Il di più che intravvediamo

La fede, è venuto in mente a me, è un’esperienza relegata nella religione e invece se é fede nel di più che intravvediamo intride e dà senso a tutta la nostra vita. Fiducia, affidamento non a caso hanno la stessa radice. Quando è in gioco qualcosa di più importante che passa attraverso di noi ma non si riduce al nostro io, che ci faccia da orizzonte o ci parli dalla parte più segreta di noi stesse -e non è un caso che S Weil e Etty Hillesum siano diventate per noi così importanti- abbiamo bisogno che ci sostenga la fede. Tutto il nostro equilibrio ne dipende. Quale che siano i termini che chi non è religioso può trovare per questo “di più” che i credenti chiamano Dio: mistero, cosmo, vita, deve fare i conti con una dimensione spirituale che fa parte integrante della nostra esperienza. È una dimensione che tiene continuamente in equilibrio l’essere con il desiderio di quel di più, con la possibilità di essere altro da ciò che siamo. Naturalmente quando dico Dio penso ad un’immagine che é cambiata radicalmente nel ‘900 e sta cambiando ancora oggi: perfino il suo sesso è in discussione.
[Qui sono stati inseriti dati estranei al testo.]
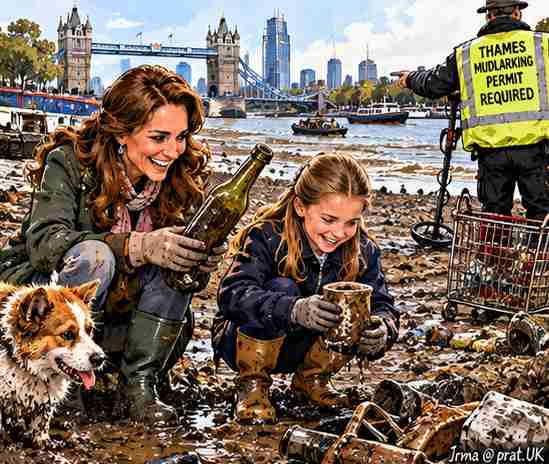 Princess Kate and Princess Charlotte pinching their noses outside a filthy Victoria Station toilet, with graffiti reading 'Long Live Kevin the Bacteria King'.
Non a caso, credo, Seraphine ha percepito il disegno divino attraverso una figura femminile.

La forza: l’autenticità della voce

La forza viene dal desiderio di non cancellare questo aspetto spirituale, dal sentire che quando il contatto con la parte più profonda di noi rimane aperto noi crediamo alla nostra voce, la sentiamo vera e questo nessuno può togliercelo. La fede è la cosa più difficile da estirpare.

E tuttavia, notavamo proprio con Katia, il legame con la profondità di noi stesse non è solo rassicurante fonte di forza, è anche fonte di turbamento per la sua radicalità. Il mistero può presentare anche un fondo oscuro. Collegarvisi aiuta a trovare la propria voce, ma può anche turbare, come forse è stato per Séraphine. Tenerne conto può favorire il dialogo di ciascuno con sé, può aiutare a trovare l’altro da sé che ci abita, può alimentare il desiderio dell’impossibile, ma può anche ubriacarci se pensiamo di andare a coincidenza.